My first arrow of the night was a wall shot. "Dear Lord I should have known it was going to be one of these nights!" I screamed in my head. I knocked my second arrow and drew back, anchored and took a deep breath. I let the pin float softly around the gold. "Breath." I whispered in my head, "breath." I released the trigger and listened to the smack of my new arrow. I blinked and looked down range, to the left of center about 1 inch. I knocked my next arrow. The little girls rested their bows on the bow stand. I breathed, aware of their eyes on me. "Breath" I whispered, the pin floated around the yellow. I sucked a breath in and let the release go. The arrow struck perfectly center. By the end of the night I had shot an even 200. It wasn't great, but it is an improvement. I still had a lot of problems, a lot! I walked away from the practice frustrated.
My proficiency at the range has absolutely sucked as of late. I'm in my head to much, worried about getting my pins perfectly in the center of the target. Worried if my draw length is to long or if the draw weight is too much. Concerned about smacking myself in the arm and a bow bruise. Wondering if the other archers are staring at me, criticizing me in their heads. Hoping my arrows aren't to long or too short for me. Sometimes I drag my divorce into my head and then I'm really messed up and unable to shoot clearly. And occasionally the hurt of losing Sonny, the woman who taught me how to shoot and who I consider my second mother, creeps into my heart and head. I've just been worrying about too much and not focusing on really shooting.
I've worked really hard with the trigger so I'm not so trigger happy, it's helped, but occasionally I feel like I'm rushing myself. I never had that problem shooting fingers. I'm constantly trying to keep my bow arm rigid, which I know isn't right, but for some reason I always have to remind myself to relax and stop locking my arm and knees. I spent two years in lessons trying to get rid of the rigid arms. MC always has a smarty comment about me being stiff, I'll let your mind wander on that one.

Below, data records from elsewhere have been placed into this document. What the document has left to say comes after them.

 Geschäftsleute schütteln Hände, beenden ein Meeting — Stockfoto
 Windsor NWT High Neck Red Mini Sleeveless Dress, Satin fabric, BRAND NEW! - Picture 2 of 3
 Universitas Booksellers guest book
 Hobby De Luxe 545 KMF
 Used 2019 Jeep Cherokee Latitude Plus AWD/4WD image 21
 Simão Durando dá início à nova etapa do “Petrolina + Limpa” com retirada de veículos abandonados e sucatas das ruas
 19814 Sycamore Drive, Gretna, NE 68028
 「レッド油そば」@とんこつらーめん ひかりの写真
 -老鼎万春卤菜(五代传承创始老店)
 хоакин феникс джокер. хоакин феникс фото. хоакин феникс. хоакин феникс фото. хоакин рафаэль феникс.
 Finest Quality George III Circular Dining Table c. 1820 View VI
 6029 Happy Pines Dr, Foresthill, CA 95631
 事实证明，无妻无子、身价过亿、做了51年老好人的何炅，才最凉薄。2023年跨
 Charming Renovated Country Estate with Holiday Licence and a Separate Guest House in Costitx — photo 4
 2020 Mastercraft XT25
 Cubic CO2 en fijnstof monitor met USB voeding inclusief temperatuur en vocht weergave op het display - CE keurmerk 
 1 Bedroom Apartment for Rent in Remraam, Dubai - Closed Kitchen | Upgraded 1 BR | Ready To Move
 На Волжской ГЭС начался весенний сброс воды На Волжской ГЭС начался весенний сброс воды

Occasionally I flinch when I release the trigger, usually when I think to much about it. Or I'll let the string pull my arm forward, or I'll just release the release mid draw, and sometimes I can't reach the same anchor point. I've got a lot to work on. I know I'm not going to be perfect, show me an archer who doesn't find flaws in themselves and I'll show you Ted Nugent. I bet he even finds flaws in himself. I want to make major improvements, but first I HAVE to get out of my head!
I'm a little less frustrated right now. Next Tuesday has to be good, it has to be. I can't stand being fustrated with myself, it just makes thing so much worse. I do have to look at the brightside and be optimistic, I did shoot a 200 it is an improvement, but it's also a long way off of 500!